:: EXERCISE ::
Type out the listing below exactly. Pictures stay out of it.

:: AVAILABLE DATA ::
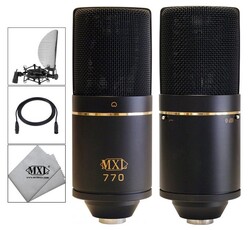 MXL Microphones 770 Complete Bundle - 3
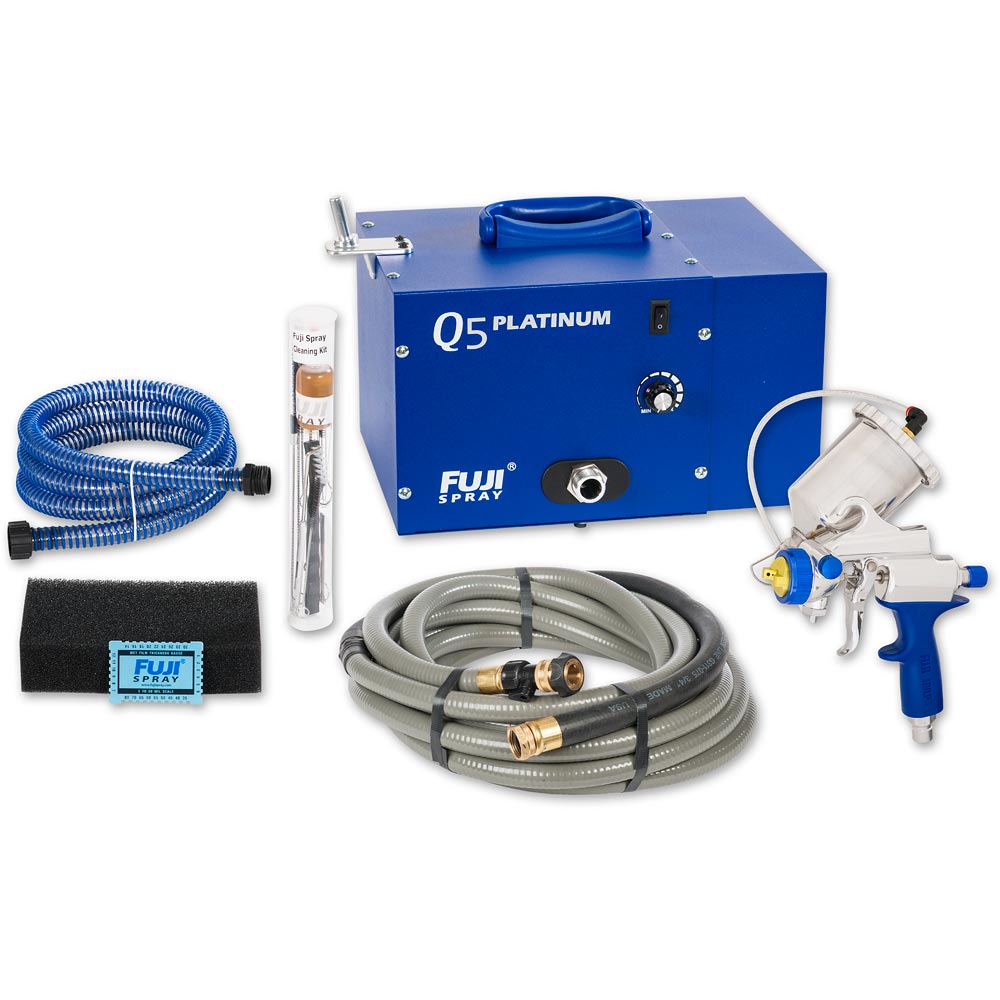 Fuji Spray Q5 Platinum Turbine Unit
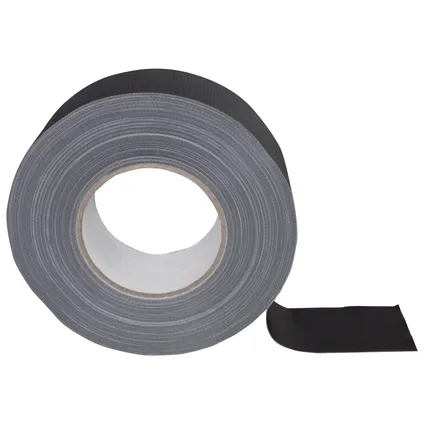 CanDo modelleer tape zwart 5cm 50m 2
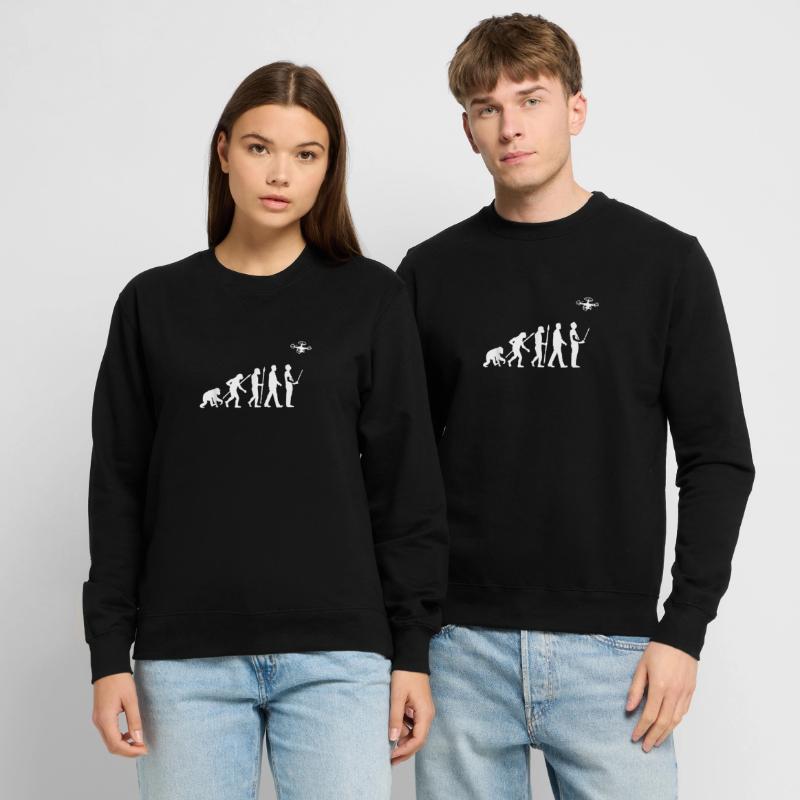 Quadcopter Drone Drone Fpv Evolution Sweat-shirt Unisexe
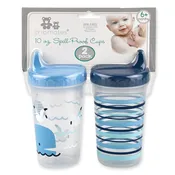 2 Pack 10oz. Spill-Proof Cups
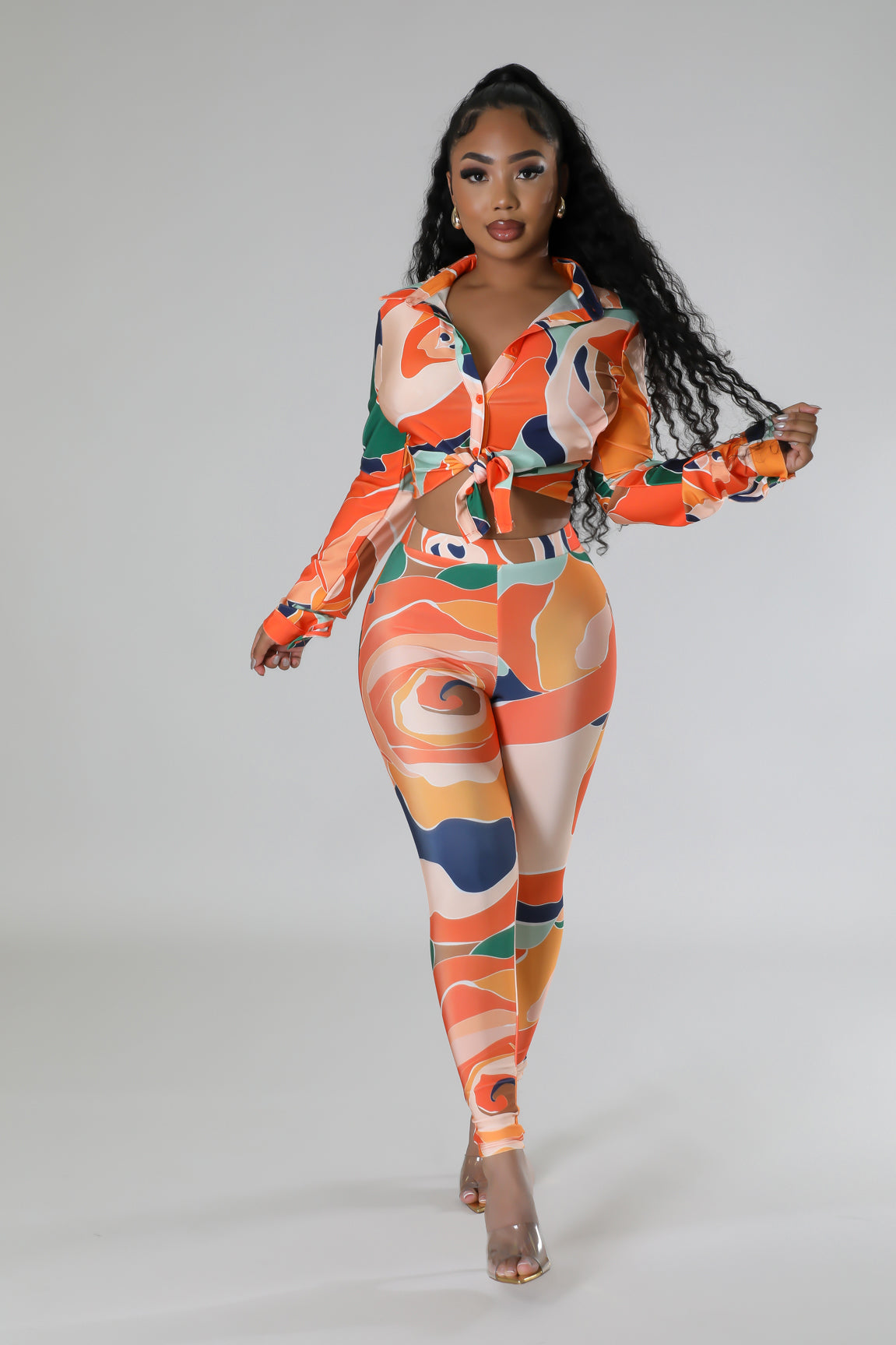 Electrify Me Legging Set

:: ANSWER FOR THIS EXERCISE ::
 MXL Microphones 770 Complete Bundle - 3
 Fuji Spray Q5 Platinum Turbine Unit
 CanDo modelleer tape zwart 5cm 50m 2
 Quadcopter Drone Drone Fpv Evolution Sweat-shirt Unisexe
 2 Pack 10oz. Spill-Proof Cups
 Electrify Me Legging Set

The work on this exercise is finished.